> Data extracts

══════════════════════════════

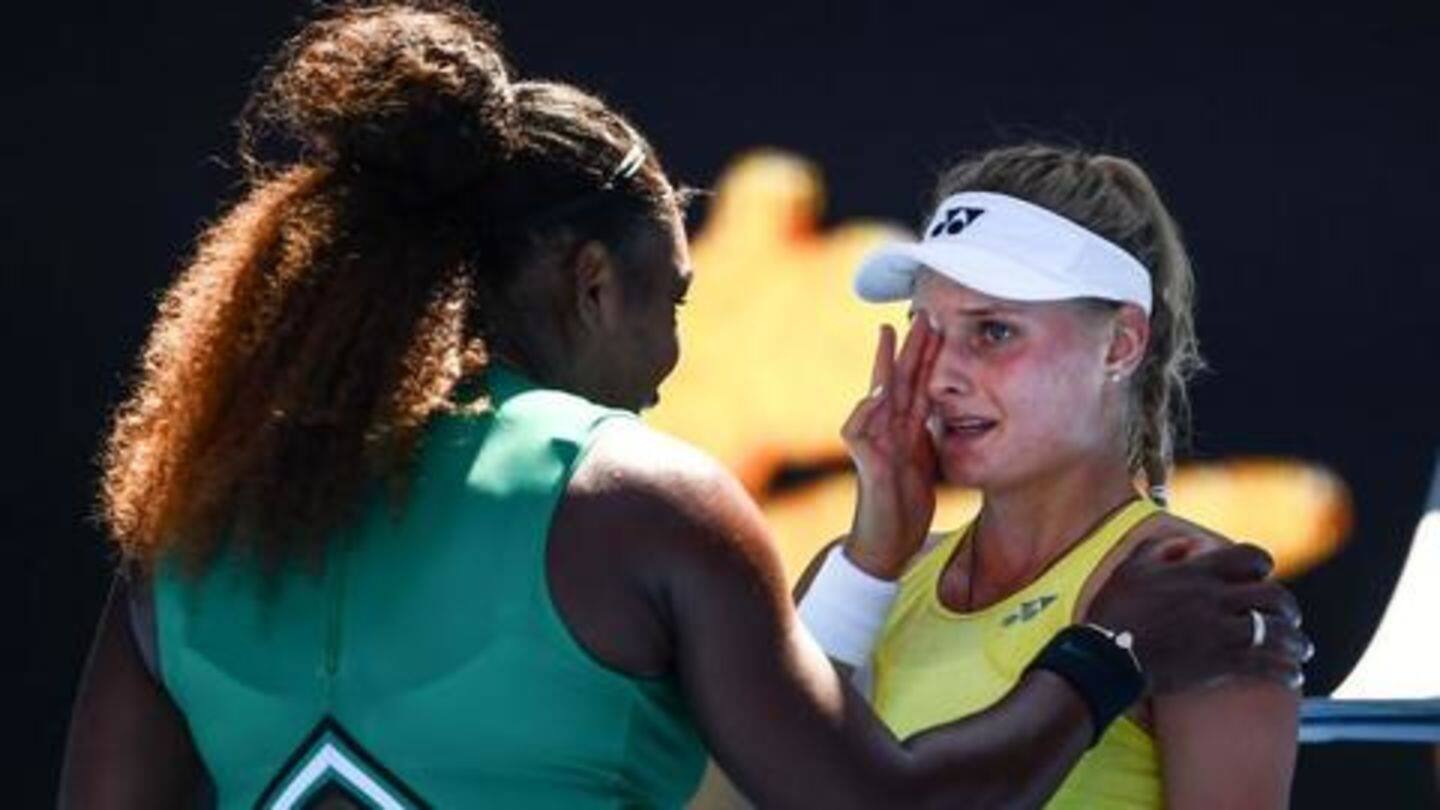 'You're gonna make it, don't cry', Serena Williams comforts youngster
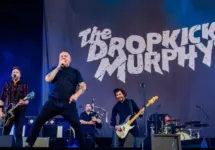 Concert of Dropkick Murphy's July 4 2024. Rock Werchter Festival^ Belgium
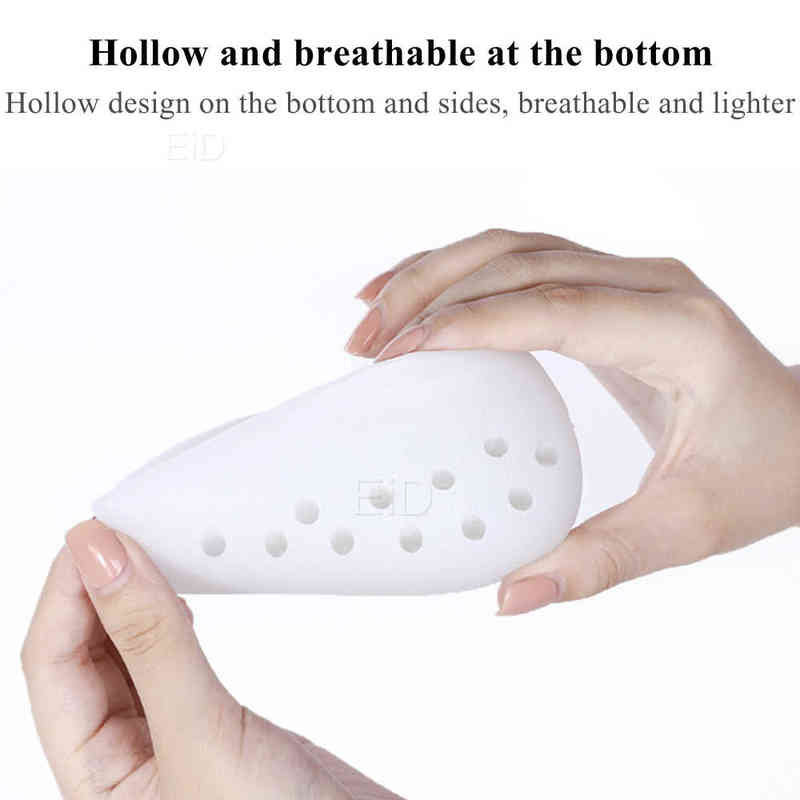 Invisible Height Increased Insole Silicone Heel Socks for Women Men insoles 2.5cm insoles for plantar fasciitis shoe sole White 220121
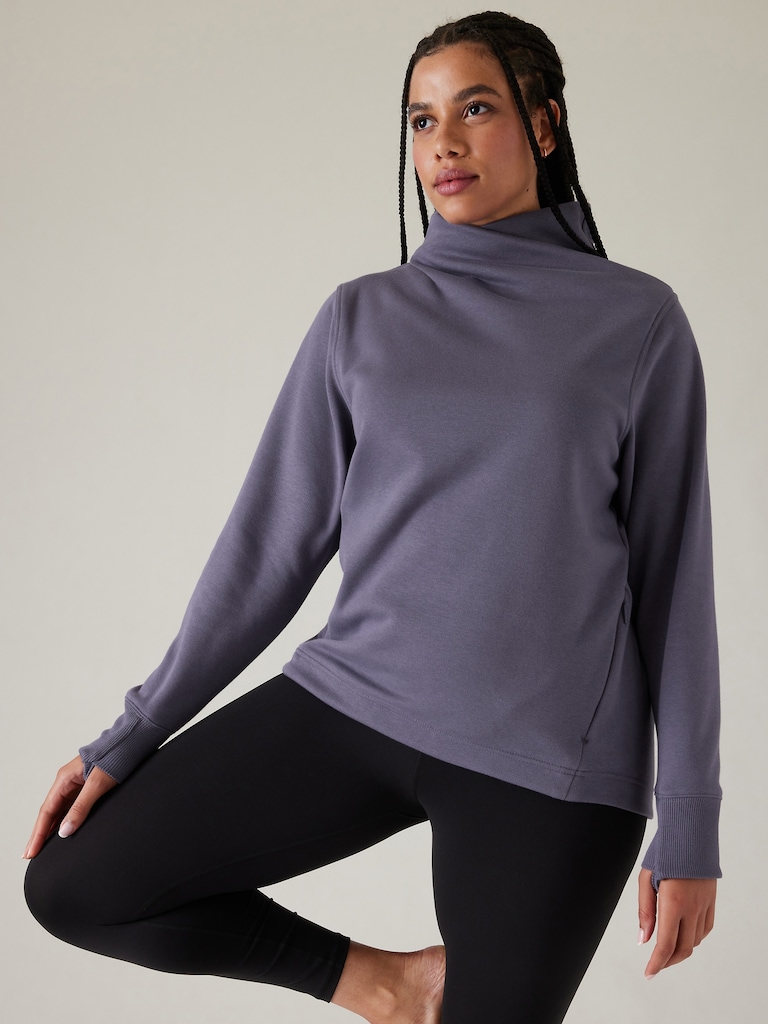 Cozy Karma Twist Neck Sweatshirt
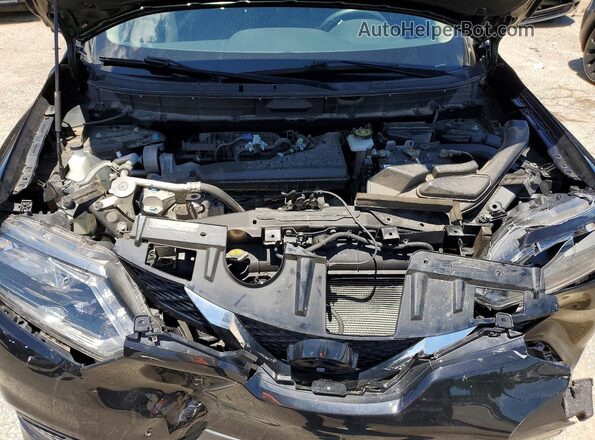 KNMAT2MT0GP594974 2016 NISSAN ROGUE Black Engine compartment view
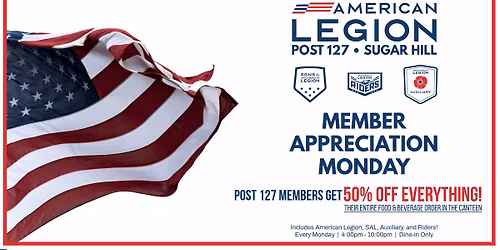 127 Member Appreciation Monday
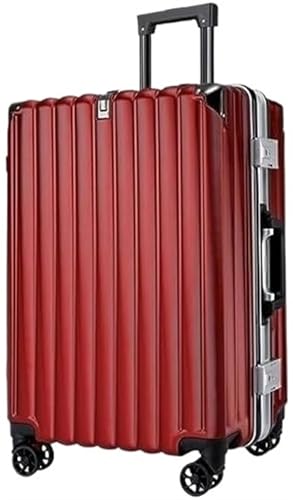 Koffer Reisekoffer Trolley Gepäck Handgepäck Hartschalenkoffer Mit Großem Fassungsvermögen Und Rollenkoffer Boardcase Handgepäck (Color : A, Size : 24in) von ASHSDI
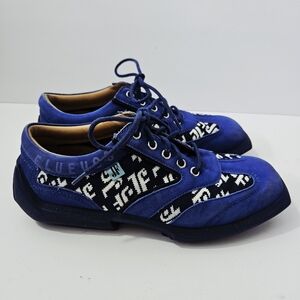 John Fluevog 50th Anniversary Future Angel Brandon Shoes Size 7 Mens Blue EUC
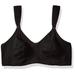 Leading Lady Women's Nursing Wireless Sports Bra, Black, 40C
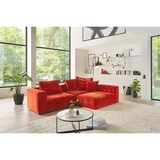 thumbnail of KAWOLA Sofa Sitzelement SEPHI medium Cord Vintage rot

══════════════════════════════

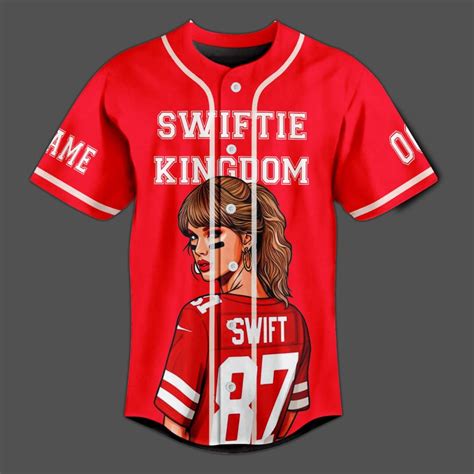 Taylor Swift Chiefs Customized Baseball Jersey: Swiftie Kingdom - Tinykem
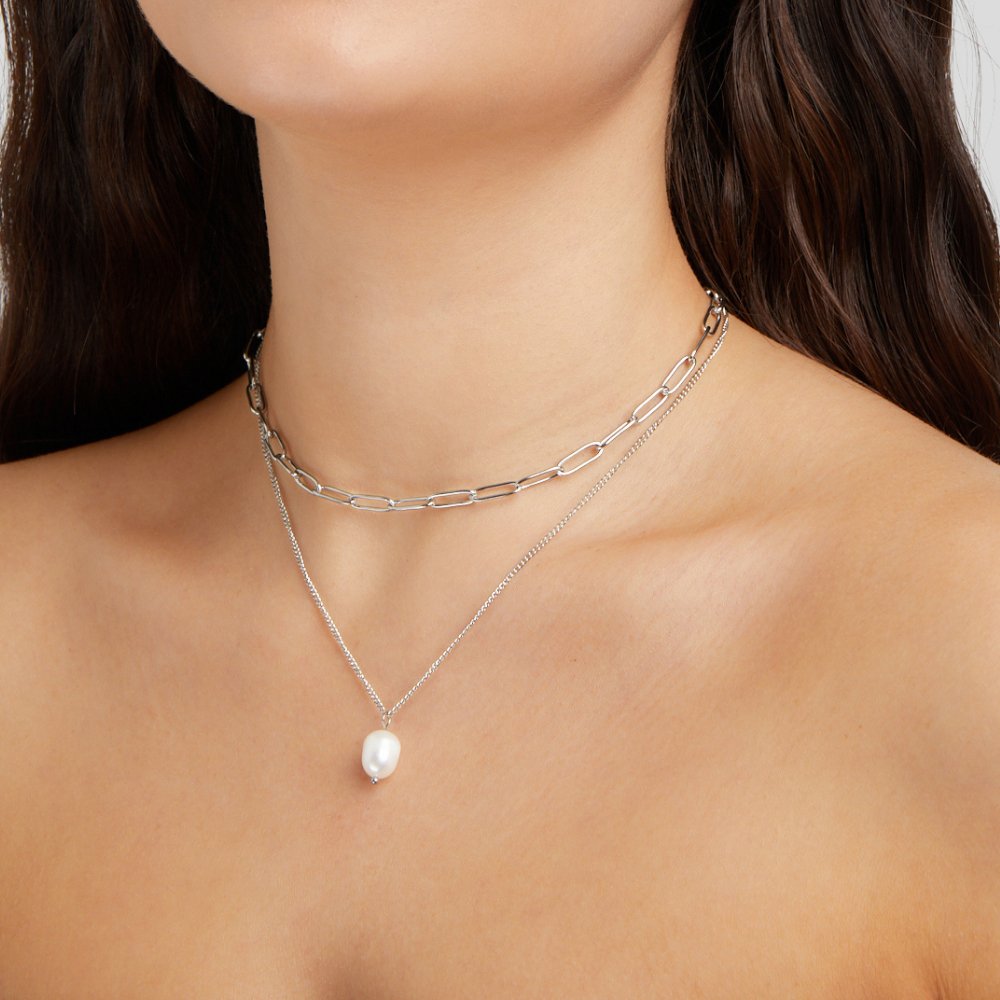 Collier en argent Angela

══════════════════════════════

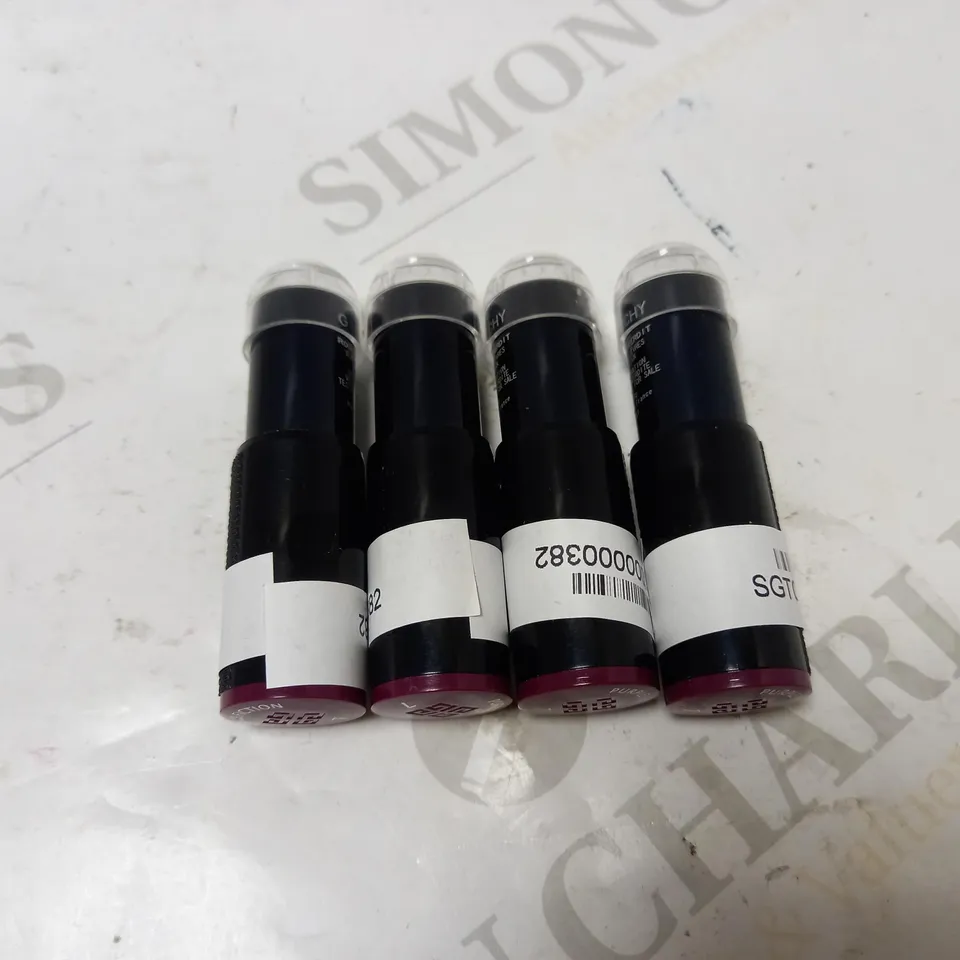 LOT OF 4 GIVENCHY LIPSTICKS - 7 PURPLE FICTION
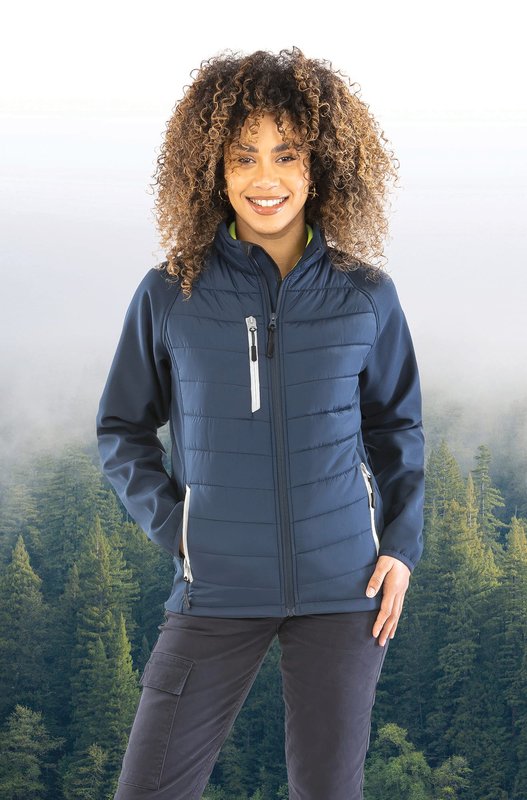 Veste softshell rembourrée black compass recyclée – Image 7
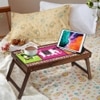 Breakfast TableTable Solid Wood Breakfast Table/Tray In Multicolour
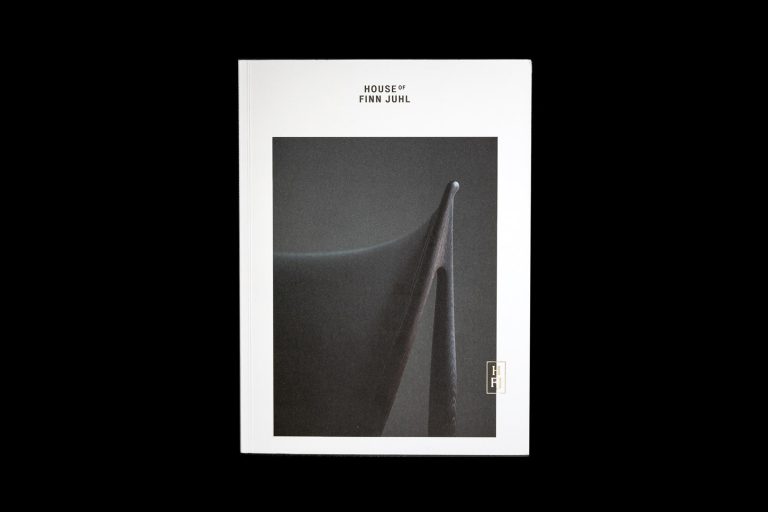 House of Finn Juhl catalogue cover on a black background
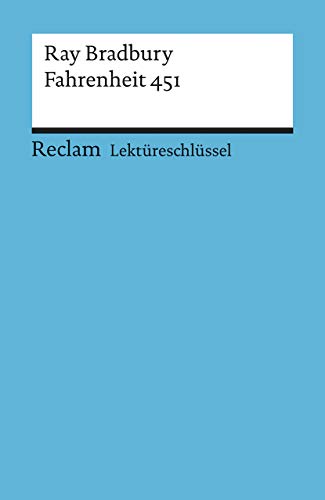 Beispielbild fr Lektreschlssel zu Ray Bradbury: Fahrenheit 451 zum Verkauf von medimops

══════════════════════════════

> Problem to solve
Only one stretch of the material above is wanted: the line containing "Williams comforts youngster" through the line containing "Koffer Reisekoffer Trolley". Restate it word for word, minus the pictures.

> Task answer
 'You're gonna make it, don't cry', Serena Williams comforts youngster
 Concert of Dropkick Murphy's July 4 2024. Rock Werchter Festival^ Belgium
 Invisible Height Increased Insole Silicone Heel Socks for Women Men insoles 2.5cm insoles for plantar fasciitis shoe sole White 220121
 Cozy Karma Twist Neck Sweatshirt
 KNMAT2MT0GP594974 2016 NISSAN ROGUE Black Engine compartment view
 127 Member Appreciation Monday
 Koffer Reisekoffer Trolley Gepäck Handgepäck Hartschalenkoffer Mit Großem Fassungsvermögen Und Rollenkoffer Boardcase Handgepäck (Color : A, Size : 24in) von ASHSDI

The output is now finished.